Uma das principais fontes da perplexidade gerada pela pergunta "o que é o ser?" está na absoluta falta de direções óbvias que orientem uma resposta. Uma alternativa é investigar a constituição material e as leis fundamentais da natureza. Essa foi a trilha inaugurada pelos pré-socráticos e hoje seguida pelas ciências naturais. Mas, se as ciências naturais já se dedicam à investigação sobre como é constituída as coisas da natureza e quais os princípios e leis governam os diversos fenômenos da realidade, o que restaria à filosofia, em especial à metafísica, investigar? Uma das orientações disponíveis foi proposta por Aristóteles: podemos dizer o que é o ser caracterizando-o segundo os conceitos mais gerais e abstratos possíveis. Na terminologia filosófica, esses conceitos mais abstratos e gerais são chamados de "categorias". A maneira intuitiva de se entender o que é uma categoria é tomá-la como um conceito tão abrangente e tão geral que se fôssemos usar um conceito ainda mais geral para classificar o objeto em consideração só restaria dizer que ele é uma coisa ou uma entidade. Tome-se o exemplo de Sócrates. Podemos classificá-lo dizendo que ele é um ser humano. Mas ele também pertence a classes ainda mais gerais. Sócrates também é um mamífero, um vertebrado, um organismo vivo. Segundo a proposta da metafísica, podemos avançar nessa classificação de Sócrates, passando por conceitos cada vez mais gerais até chegar a uma tão geral que, se déssemos mais um passo, só restaria classificá-lo como um ser (uma coisa, uma entidade). Na metafísica aristotélica, por exemplo, Sócrates e os demais seres humanos pertencem à categoria da substância. A tarefa da metafísica, portanto, seria a de identificar essas categorias básicas e generalíssimas, bem como revelar as suas inter-relações. O resultado dessa empreitada seria a revelação do próprio arcabouço da realidade – quer consideremos que esse arcabouço seja a própria estrutura do real, quer o entendamos como o esquema básico de nossos conceitos sobre o mundo.
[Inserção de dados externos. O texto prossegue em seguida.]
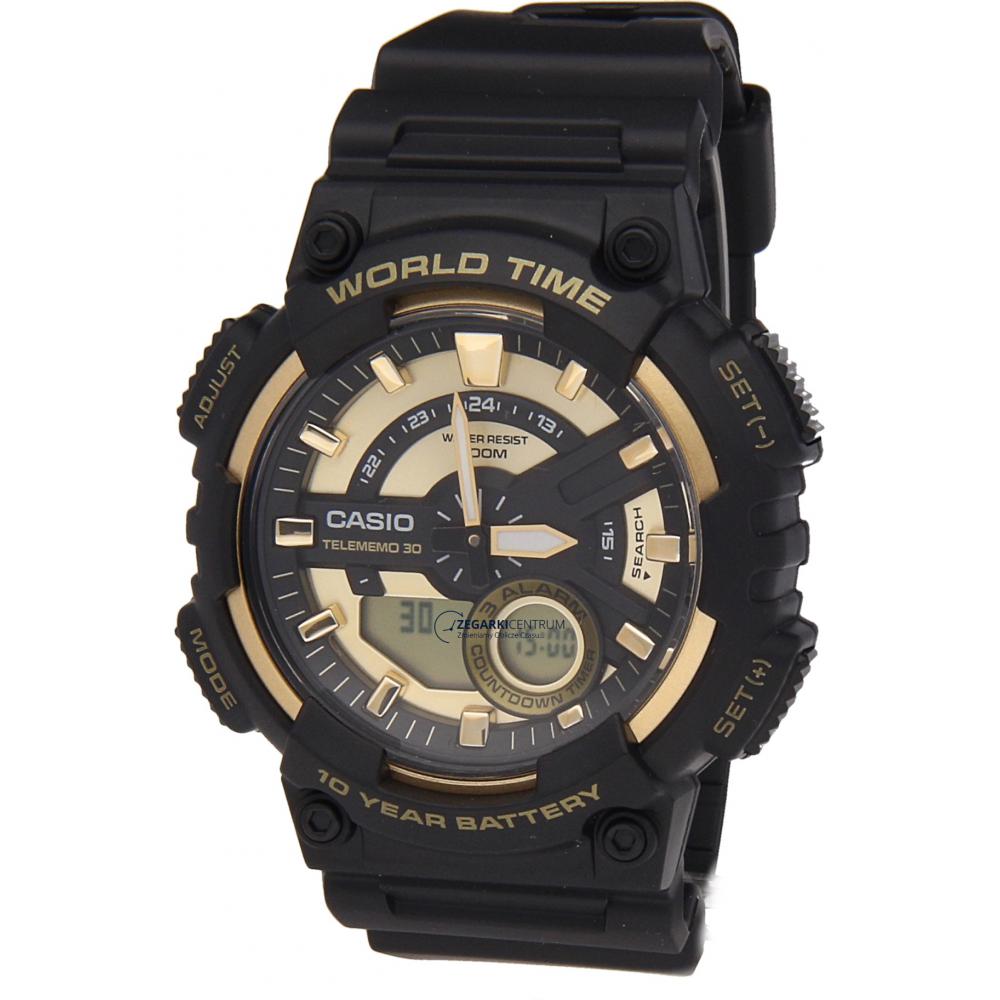 Casio Casio Collection AEQ110BW9A 7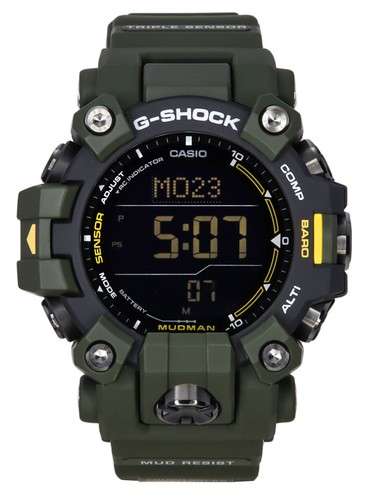 Orologio uomo casio shock - orologio,
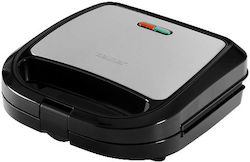 Zelmer ZSM7710 750W για 2 Τοστ Inox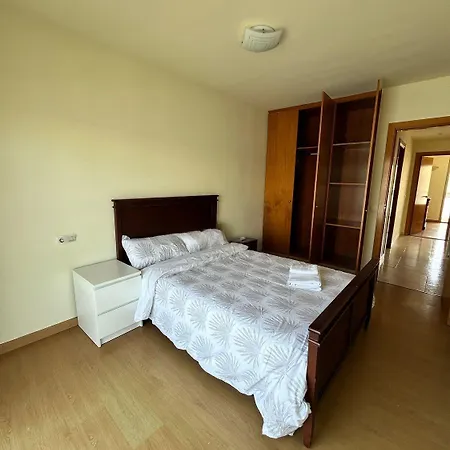 Apartament Rincón Feliz Y Paz Palamós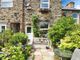 Thumbnail Terraced house for sale in Greenhow Street, Sheffield, South Yorkshire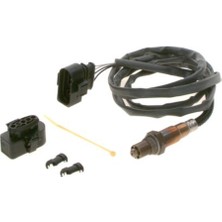 Bosch Oksijen Sensörü Vw Passat 2.8 Apr 1997-2000 1K0998262AB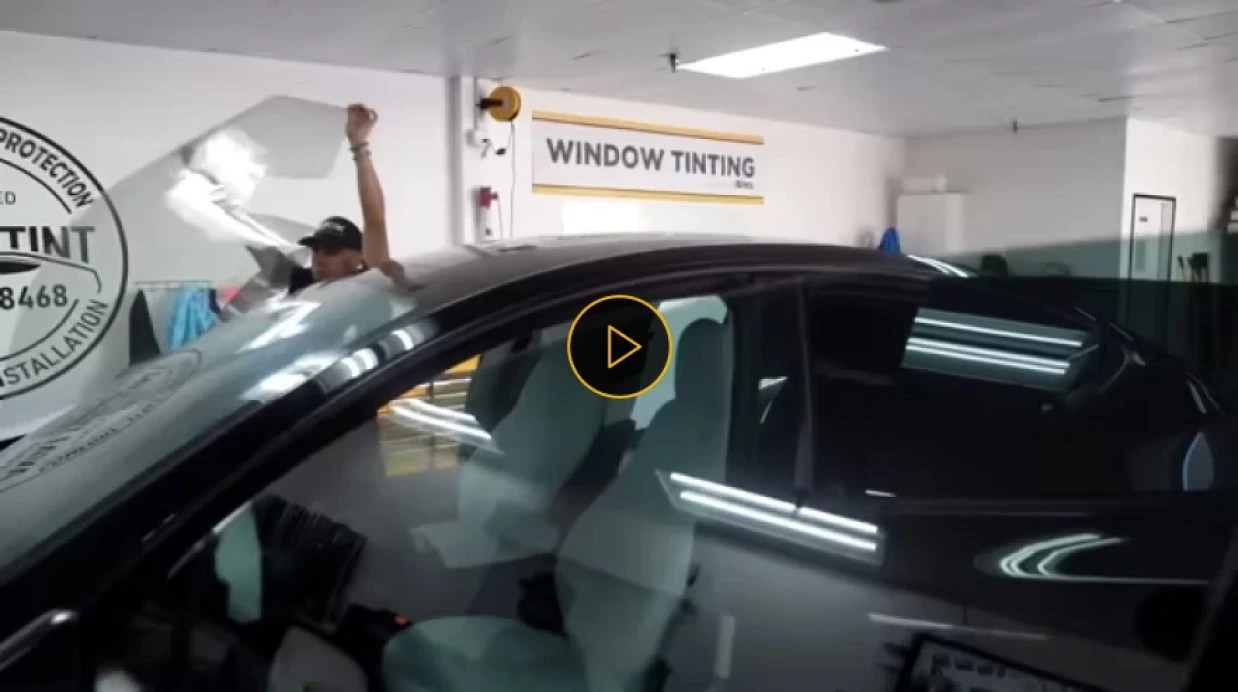 Car Window Tinting Las Vegas Best Auto Window Tint in Las Vegas, NV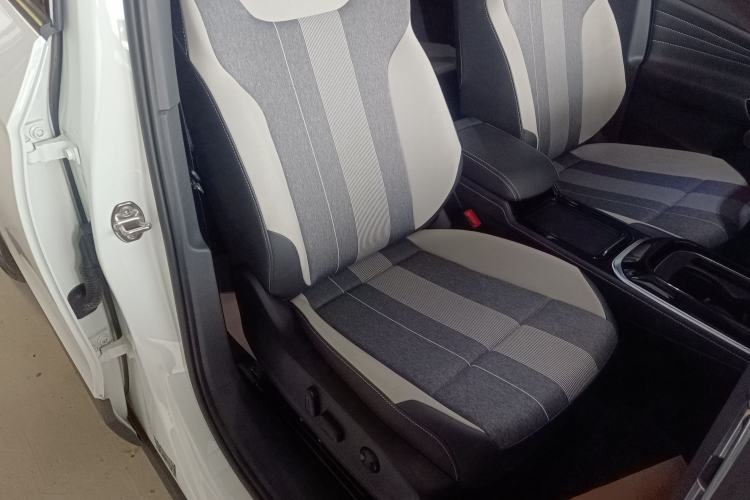 Used Volkswagen ID.4 CROZZ 2022 Standard Range PURE Edition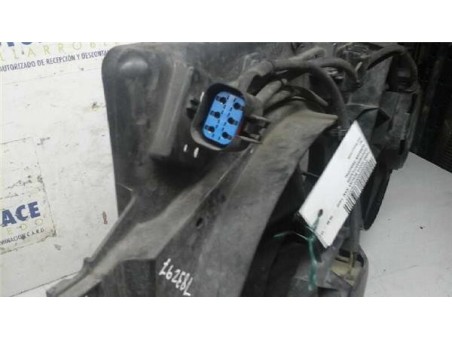 Electroventilador Ford FOCUS BERLINA 1 8 TDCi Turbodiesel 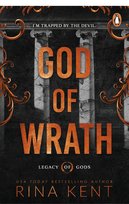God of Wrath Rina Kent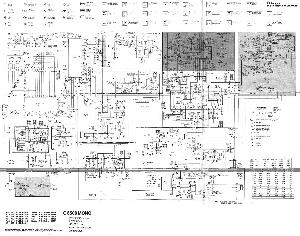 Service manual Loewe C8500 MONO ― Manual-Shop.ru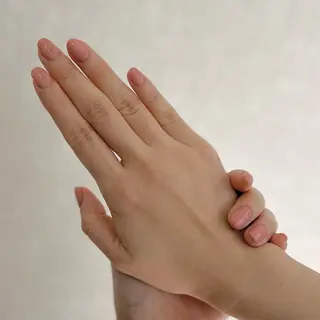 ネイル diarily はるひのネイルデザイン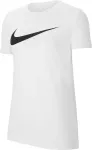 Nike Dri-FIT Park 20 Women's T-Shirt White CW6967 100 S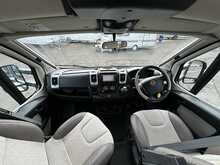 Autotrail Tracker EKS 2022 Motorhome10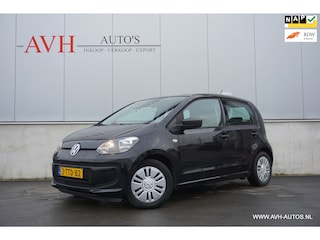 Volkswagen Up 1.0 take up! BlueMotion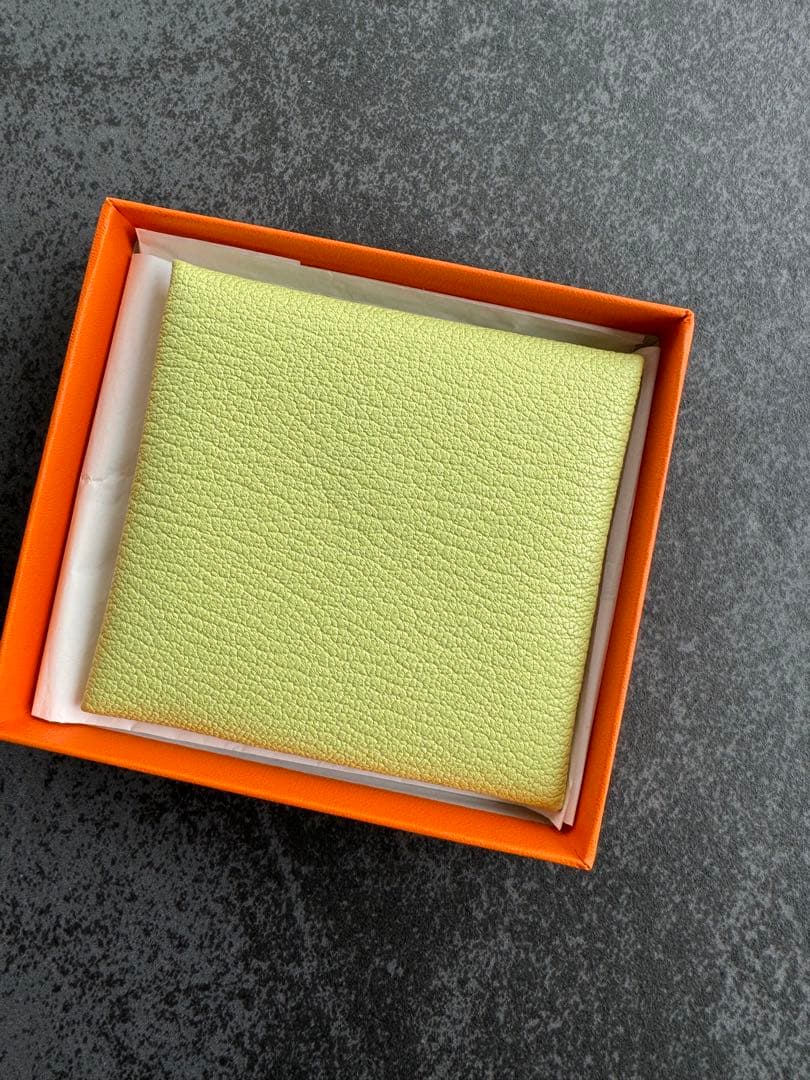 HERMES Bastia バスティア ケース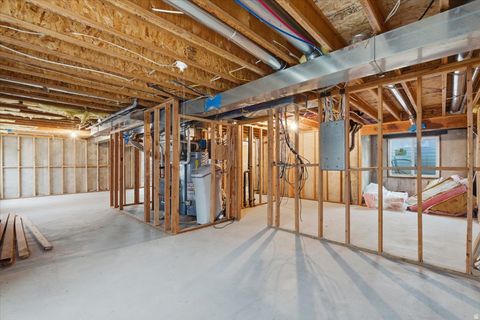 Tiny photo for 1332 N 2350 E, Layton, UT 84040 (MLS # 2127533)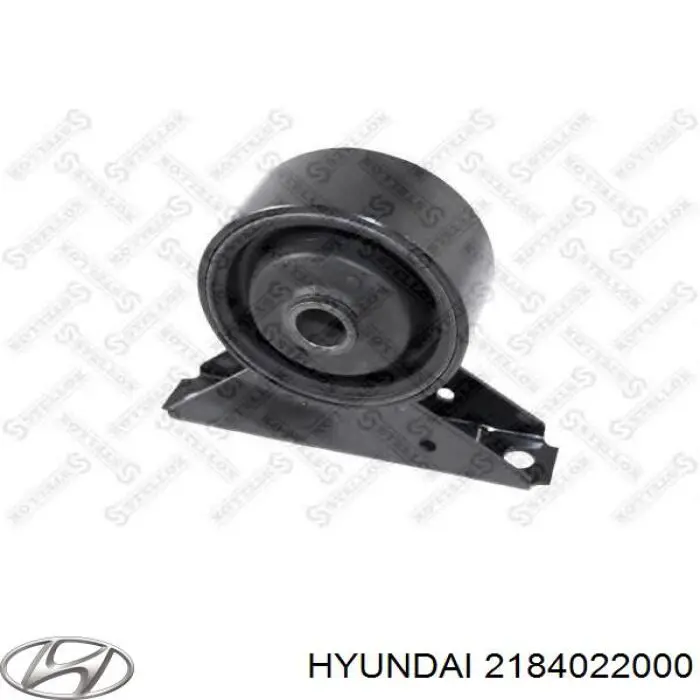 Coxim (suporte) dianteiro de motor Tenacity AWSHY1009 preço, a partir de 28,83 USD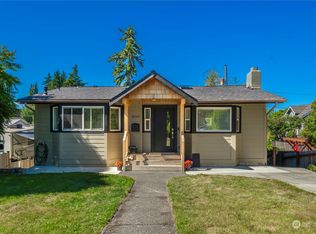 5109 N 46th St, Tacoma, WA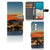 Samsung Galaxy A53 Telefoonhoesje met Pasjes Olifanten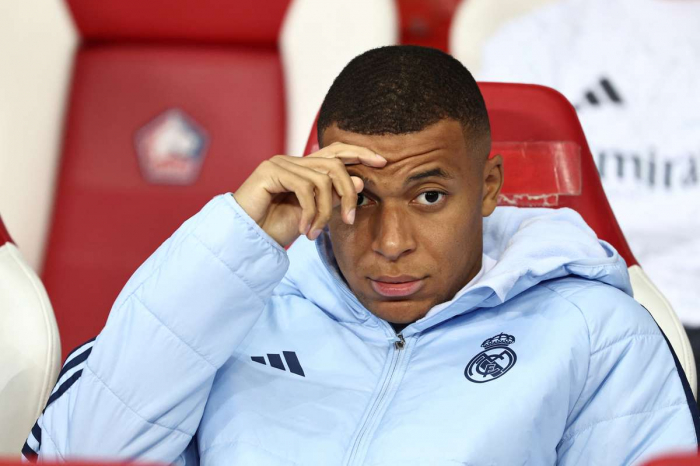 Mbappé shocked by Swedish rape inquiry - lawyer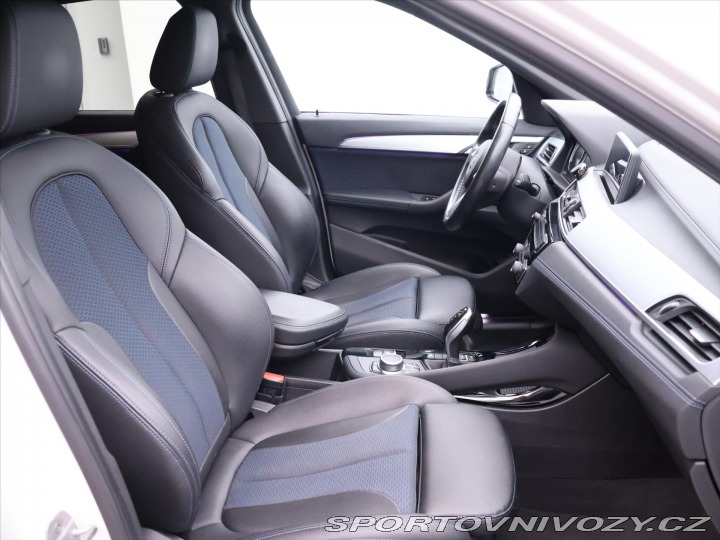 BMW X1 2,0 xDrive 141kW M-Paket 2020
Mas não se deve pensar que o trabalho dos metafísicos resuma-se a um procedimento monótono de fazer classificações cada vez mais gerais até chegar aos conceitos mais abstratos possíveis. As categorias não são coisas dadas que apenas aguardam passivamente que alguém as encontre. É certo que há, em maior ou menor grau, certo consenso sobre que tipos de conceitos valem a pena ser discutidos – justamente por representarem, aparentemente, elementos básicos ou fundamentais de nossa concepção de realidade. É o caso de noções como mente, corpo físico, objeto abstrato, valor, evento, processo, disposição, necessidade, estado de coisas, propriedade e fato. Na verdade, grande parte das discussões metafísicas giram em torno de quais dessas noções devem ser consideradas categorias – ou, em outras palavras, o que devemos tomar por mais fundamental e elementar na estrutura da realidade. Diante de uma lista de noções básicas como a apresentada duas tarefas se impõem: (1) determinar quais são as mais básicas; (2) mostrar como as categorias se relacionam com outros conceitos básicos. Tome-se, por exemplo, uma teoria metafísica que considere que os corpos físicos são mais fundamentais que as mentes. Uma das tarefas dessa teoria será conciliar os estados mentais com os corpos físicos, e responder questões como "A mente humana é o mesmo que estados e processos físicos?", "Como a mente emerge da matéria?", "O que há de errado com a ideia de separação entre o físico e o mental?". Outro exemplo. Alguns filósofos defenderam que as nossas percepções são ontologicamente mais fundamentais que os objetos materiais. Essa é uma tese que vai de encontro ao senso comum. Geralmente, tomamos os objetos físicos que nos cercam (pessoas, mobílias, casas, animais) como coisas existentes e independentes de nossa percepção. A tese metafísica de que as percepções são mais fundamentais terá, então, de ser desenvolvida em explicações sobre como esses objetos materiais são construídos e elaborados a partir de nossas percepções e sobre qual é o seu status ontológico já que são construções oriundas do sujeito.